In a 2010 dispute decision report, the IPC referenced its proposed fee regulations for the Personal Health Information Protection Act, in which it states that fees should not exceed $30 if “the record is stored in electronic form, electronically transmitting a copy of the electronic record instead of printing a copy of the record, and shipping or faxing the printed copy.”
The language used in the actual act is more vague and states that “the amount of the fee shall not exceed the prescribed amount or the amount of reasonable cost recovery.”
Kathleen Finlay, the founder of the Toronto-based advocacy group The Center for Patient Protection, said Kulbatski’s experience is nothing new.

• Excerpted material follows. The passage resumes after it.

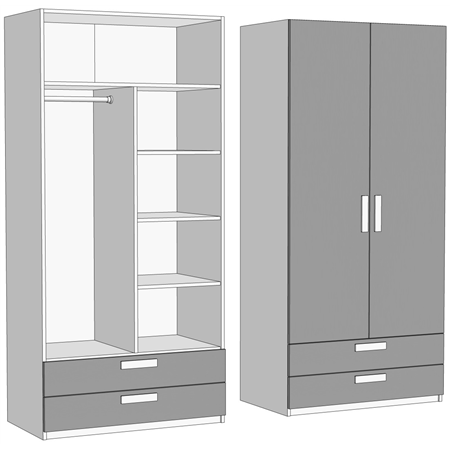 Шафа дводверна комбінована з 2 ящиками (схема) Fmebel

“It happens all the time,” she said during a telephone interview on Saturday. “It’s one of the most frequently raised issues when people come to The Center for Patient Protection and I’ve been doing this for the last seven or eight years.”
Finlay said when hospitals charge exorbitant fees for these types of requests, they’re placing an extra burden on people who are most likely already experiencing financial hardship from missing work, transportation and accommodation costs.

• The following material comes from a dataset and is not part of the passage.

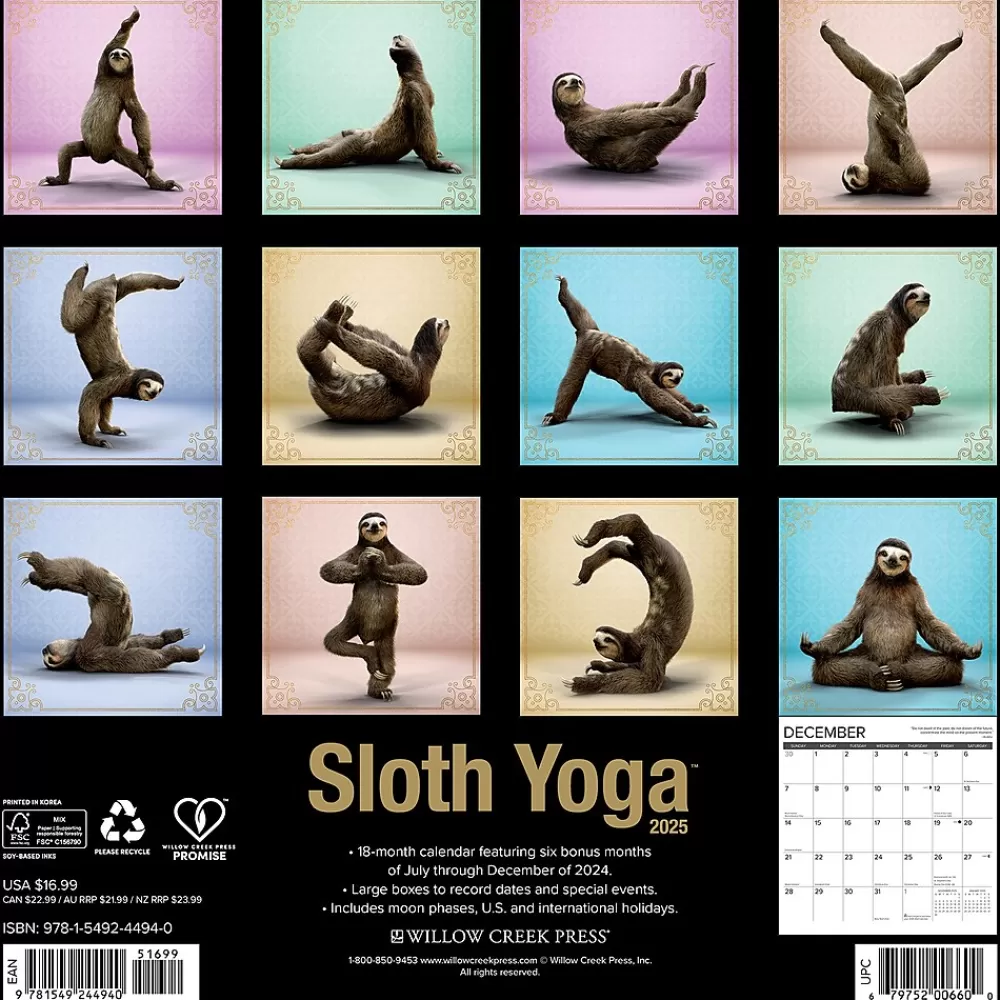 Willow Creek 2025 Calendars<2025 Sloth Yoga 12" x 12" Monthly Wall Calendar (44940)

“This all puts a lot of financial burden on families so when they get hit with an outrageous bill, most of them can’t deal with it,” she explained. “And that’s a barrier to transparency that’s just not acceptable in our system.”
Instead of discouraging people from becoming involved in their own or loved ones’ care, Finlay said Canada’s health-care system should be encouraging them to take an active role.
“You want them to have confidence that the care was of the quality and appropriateness that it needed to be,” she said. “You want to make it easy for them to view the records and you want to make it easy for them to follow up and ask questions. If you don’t have anything to hide, you shouldn’t worry about that.”
For Kulbatski, she said she wants UHN to implement some new policies and practices so that other patients and their families don’t have to go through what she did.
“UHN should not be putting people through this sort of hardship in order to get the medical file,” she said. “It should be easier to access the truth.”